Serious nostalgia alert: Remember the time the Consumer Product Safety Commission murdered a bunch of mannequins in cold blood on the National Mall? The year was 1996. Cell phones couldn't play fruit-related mobile games yet. And government wasn't afraid to show you all the ways fireworks could kill you in the bestest possible fashion. It was even
on C-SPAN!
The Washington Post has some lovely clips. We really don't get fun like this anymore. I mean sure, the government is rounding up patriots and putting them in FEMA internment camps, I guess that's something, but there are mannequins out there that have gone unexploded for years.
For those patriots among us still planning a do-it-yourself version of the ol' July shock and awe (we do not have firework stands in my neck of the woods anymore, what with the common side effect of lighting whole hillsides on fire), here are some tips. Do not let government agents sneak up behind you and light your pants on fire. Do not let government agents give your toddlers lit sparklers while yelling "sparkler fight!" If a government agent comes into your home and offers you a nice slice of pie with a lit fuse coming out the top of it, politely decline and head for another room.
We need more of this.

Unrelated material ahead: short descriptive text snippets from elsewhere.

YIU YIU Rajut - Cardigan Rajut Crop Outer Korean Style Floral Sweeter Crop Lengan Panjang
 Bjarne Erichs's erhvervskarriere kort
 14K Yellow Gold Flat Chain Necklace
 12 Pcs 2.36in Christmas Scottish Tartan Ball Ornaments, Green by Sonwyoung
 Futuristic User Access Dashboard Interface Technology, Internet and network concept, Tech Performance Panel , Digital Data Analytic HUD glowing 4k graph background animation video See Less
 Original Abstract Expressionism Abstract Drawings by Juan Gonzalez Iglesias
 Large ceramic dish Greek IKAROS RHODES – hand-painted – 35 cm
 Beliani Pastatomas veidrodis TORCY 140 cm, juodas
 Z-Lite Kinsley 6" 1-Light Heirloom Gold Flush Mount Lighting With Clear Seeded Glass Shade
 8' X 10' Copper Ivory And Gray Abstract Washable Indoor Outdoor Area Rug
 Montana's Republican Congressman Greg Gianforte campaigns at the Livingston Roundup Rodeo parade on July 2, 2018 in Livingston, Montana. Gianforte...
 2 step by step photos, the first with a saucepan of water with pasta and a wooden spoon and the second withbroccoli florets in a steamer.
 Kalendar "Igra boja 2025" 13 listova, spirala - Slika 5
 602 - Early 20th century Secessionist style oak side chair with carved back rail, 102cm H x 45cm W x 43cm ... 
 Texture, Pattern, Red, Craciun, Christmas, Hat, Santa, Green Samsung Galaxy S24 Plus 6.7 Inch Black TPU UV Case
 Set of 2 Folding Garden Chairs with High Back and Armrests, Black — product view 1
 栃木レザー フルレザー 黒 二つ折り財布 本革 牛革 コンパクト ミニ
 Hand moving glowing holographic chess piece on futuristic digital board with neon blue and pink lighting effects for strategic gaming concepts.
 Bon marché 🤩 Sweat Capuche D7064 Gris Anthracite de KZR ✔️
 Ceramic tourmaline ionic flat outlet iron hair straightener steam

I'm serious. They should do it during those horrific C-SPAN segments where Real Americans call in with their concerns about mood altering drugs in contrails, or Obama's secret plan to import small brown children and something something dictatorship. "We're sorry you had to listen to that, America," the nice host could say afterwards. "To make it up to you, here's the Senate sergeant-at-arms blowing the head off a mannequin with a cherry bomb."
Also, my fellow patriots, please do not blow yourself up this weekend. Keep our taxes low by not having to pay for you to get airlifted to the regional trauma center 10 minutes after saying, "Now watch this one."